▼
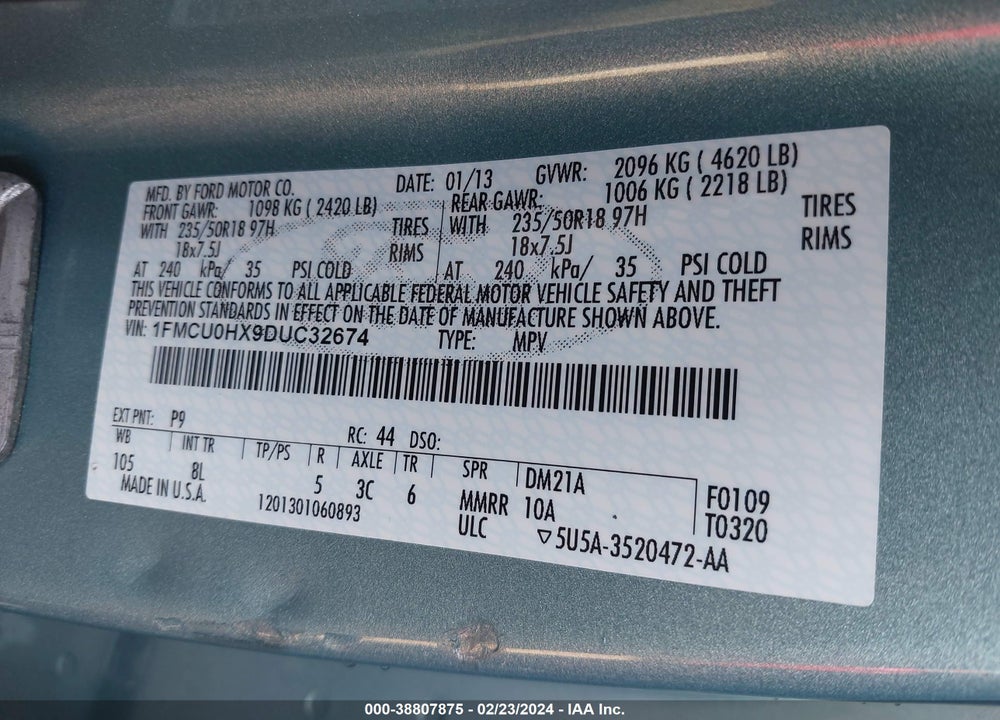 2013 FORD ESCAPE SEL VIN: 1FMCU0HX9DUC32674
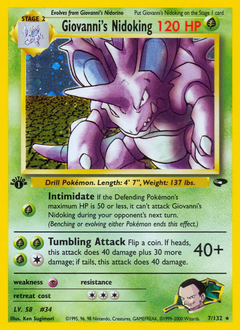Giovanni's Nidoking z edície Gym Challenge, karta č.7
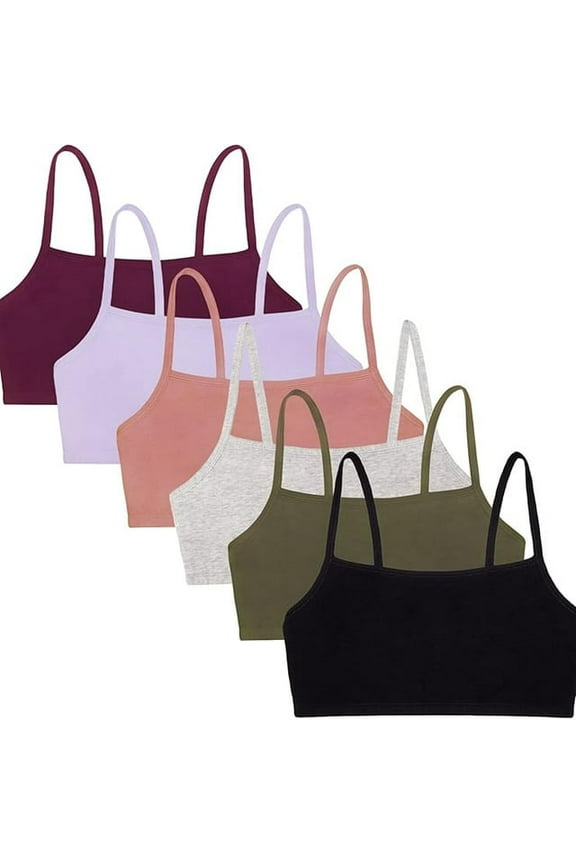 Women's Spaghetti Strap Cotton Sports Bra, Assorted, 6- Pack, Size 38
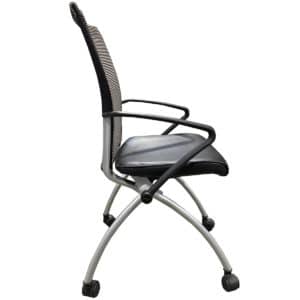 Gallery 99 Grey Mesh Back With Black Vinyl Seat Nesting Chair On Casters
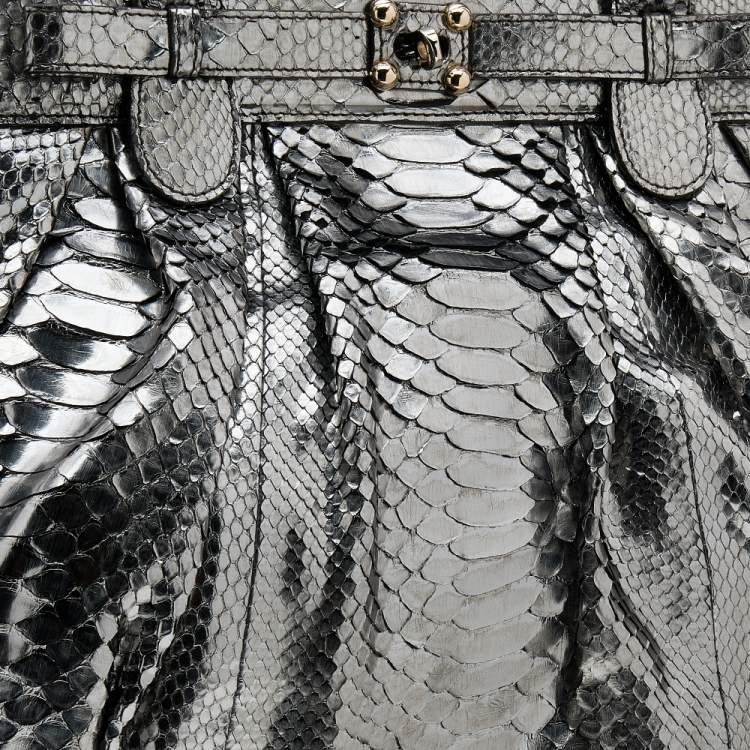 Pre Owned Zagliani Metallic Silver Python Puffy Hobo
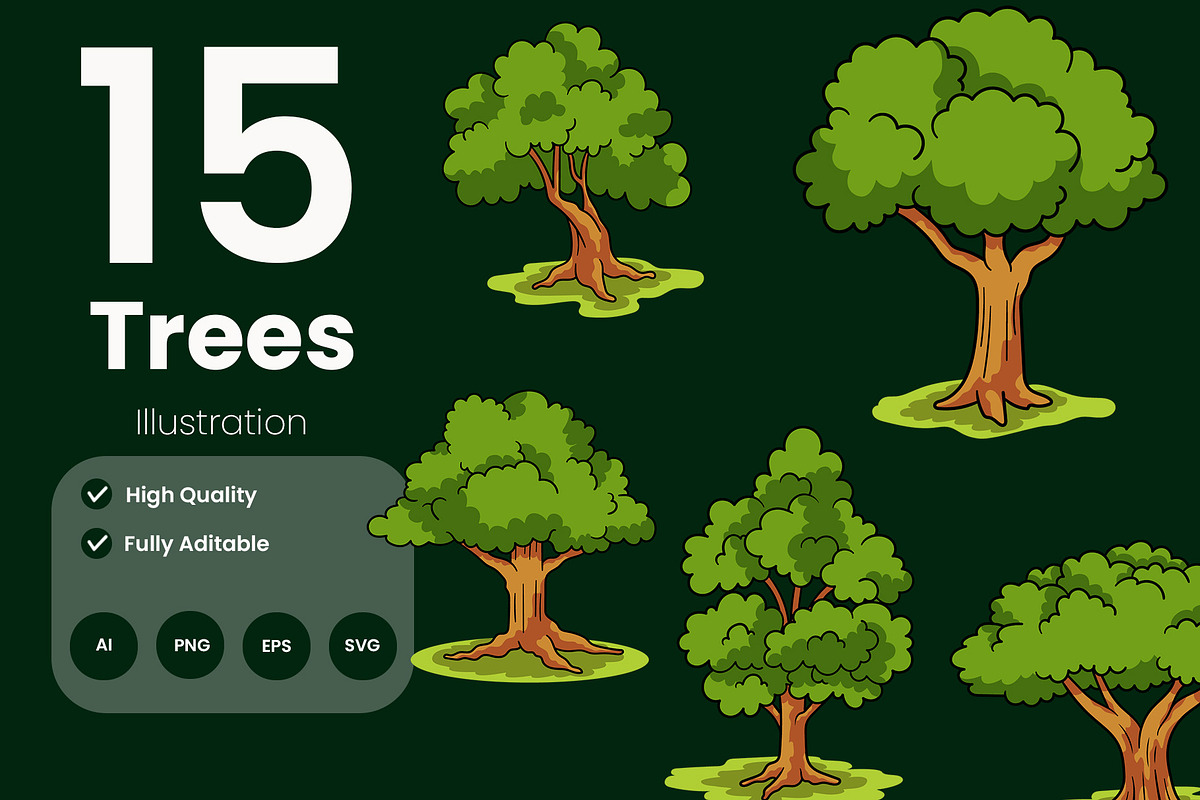 Set of Green Tree Illustration, an Illustration by baii09 (Photo 1 of 2)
▲
→ **TASK ITEM**:
Please output each line above exactly and omit all images.

→ **OUTPUT OF THE EXERCISE**:
 2013 FORD ESCAPE SEL VIN: 1FMCU0HX9DUC32674
Giovanni's Nidoking z edície Gym Challenge, karta č.7
 Women's Spaghetti Strap Cotton Sports Bra, Assorted, 6- Pack, Size 38
 Gallery 99 Grey Mesh Back With Black Vinyl Seat Nesting Chair On Casters
 Pre Owned Zagliani Metallic Silver Python Puffy Hobo
 Set of Green Tree Illustration, an Illustration by baii09 (Photo 1 of 2)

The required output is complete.